Dopo essersi fatto conoscere – e apprezzare – con un precedente Ep, intitolato “Anima Latrina” (ogni riferimento era puramente voluto), il catanese Enrico Lanza si cimenta nella prima prova sulla lunga distanza: undici brani (poco meno di quaranta minuti la durata complessiva) grazie ai quali il cantautore catanese entra a buon diritto nel filone più corrosivo e se il termine è consentito, ‘antieroico’ del cantautorato italiano.
Ascoltando “L’uomo nudo” il primo nome che viene in mente, per l’atteggiamento sardonico è quello di Rino Gaetano, ma tra le pieghe del disco si intravede un filo della vena nichilista di Piero Ciampi (Al mio funerale) , o dello sguardo disincantato di Claudio Lolli (L’atto situazionista), mentre un brano come Io non ho il clitoride, sarebbe probabilmente piaciuto a Lucio Dalla.
Tra cantautorato, folk ‘sghembo’ e low-fi e improvvise accelerazioni all’insegna di ruvidità trasandate, Lanza interpreta testi all’insegna dell’osservazione del sè e del ‘mondo che gira intorno’, attraverso uno stile variegato che raramente resta nei binari del ‘bel cantare’, sempre pronto a deragliare, tra scazzo, nervosismo, vivacità venata di follia, spesso improntato a una vocalità sguaiata, che non di rado varca i confini dello ‘schiamazzo’.

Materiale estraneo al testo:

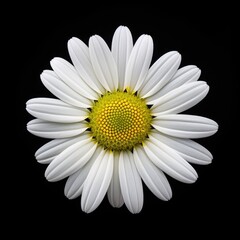 Wall Mural - One white Daisy or Chamomile flower isolated on black background, top view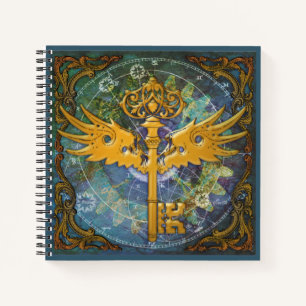 Steampunk Winged Key  Notebook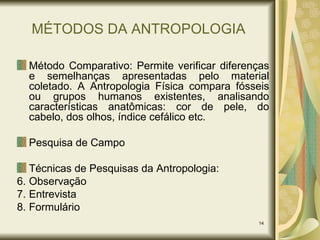 MÉTODOS DA ANTROPOLOGIA Método Comparativo: Permite verificar diferenças e semelhanças apresentadas pelo material coletado. A Antropologia Física compara fósseis ou grupos humanos existentes, analisando características anatômicas: cor de pele, do cabelo, dos olhos, índice cefálico etc. Pesquisa de Campo Técnicas de Pesquisas da Antropologia: Observação Entrevista Formulário 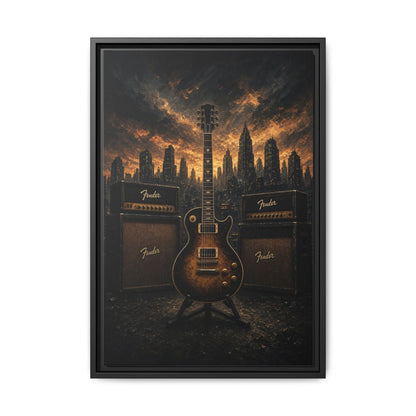 Guitar, Amps & Burning Skyline Cityscape Canvas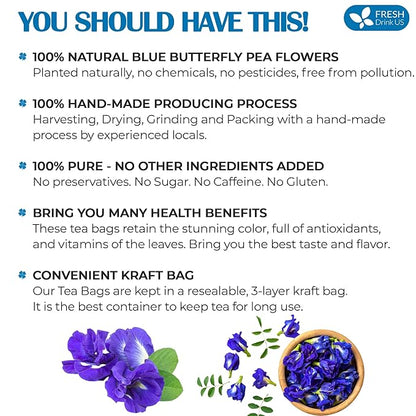 FreshDrinkUS, Premium 35 Butterfly Pea Tea Bags, 100% Natural and Pure from Butterfly Pea Flowers, Hand-made, Made With Natural Materials-Corn Fiber Tea Bag, Sugar/Caffeine/Gluten Free, Vegan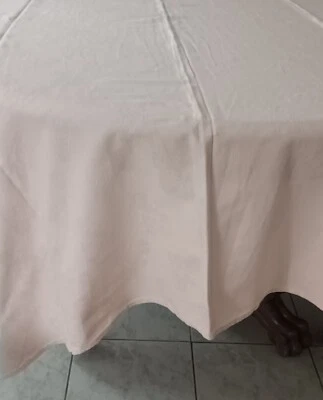 Grandes nappes anciennes en lin damassé Rose Saumon - Photo 1/3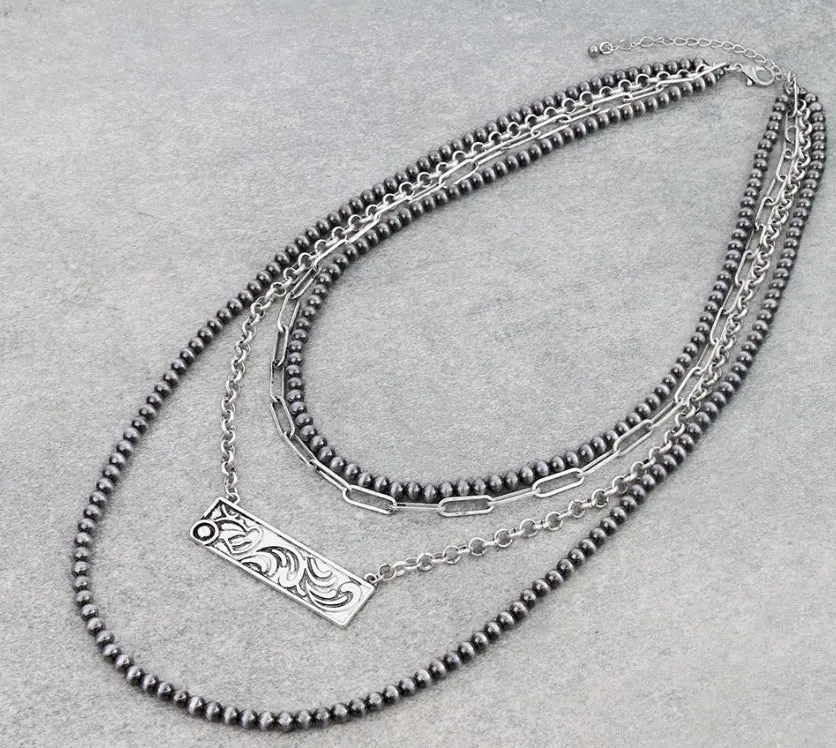 4 Layered Navajo Style Pearl With Bar Necklace 1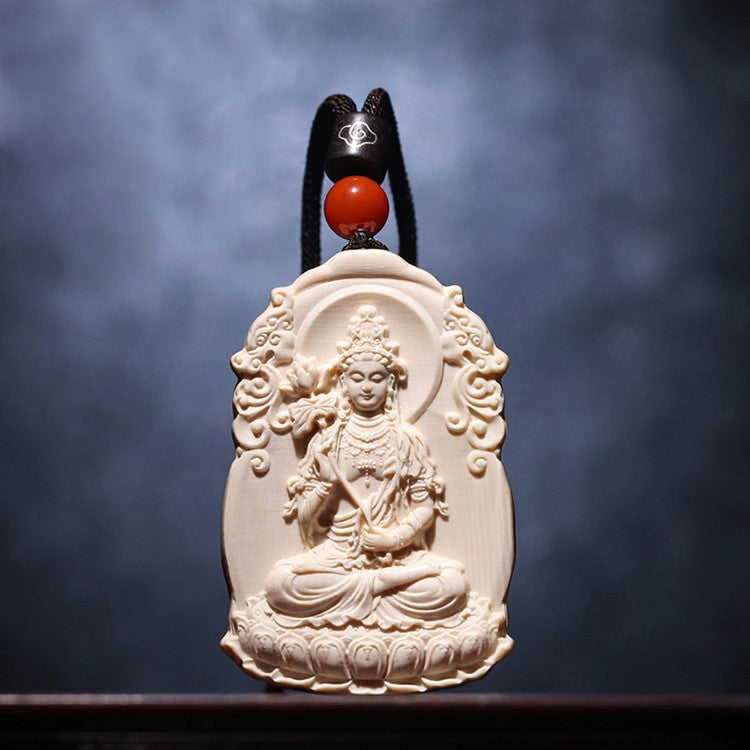 Power of Wisdom Mahasthamaprapta Carved Ivory Pendant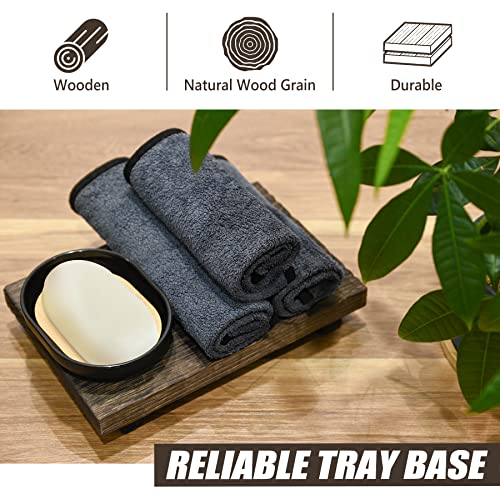 Image of 9 x 6 Inch Tottist Wood Riser Tray Soap,Soap Dish Holder Decor for Bathroom Kitchen, Soap Tray, Rustic Candle Plant Holder, Counter Decor(Brown)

Attorno, suoni consueti e altri meno: alla chitarra acustica imbracciata dal protagonista, si affiancano di volta il volta synth, mandolino, banjo, organi e rumori vari, per la maggior parte frutto dell’intervento di Lorenzo Urciullo (Colapesce); tra le altre partecipazioni, vale almeno la pena di segnalare quella di Cesare Basile all’ukulele.
Non sarà un fenomeno, Mapuche; in ogni caso, in una scena italiana che negli ultimi tempi ha prodotto una serie di autori che, per quanto valenti, appaiono tutti essere accomunati da prendersi dannatamente sul serio, mancava una sana dose di ironia e sguaiatezza: Cesare Lanza si candida seriamente a riempire il vuoto, portandoci una sana dose di riflessiva leggerezza.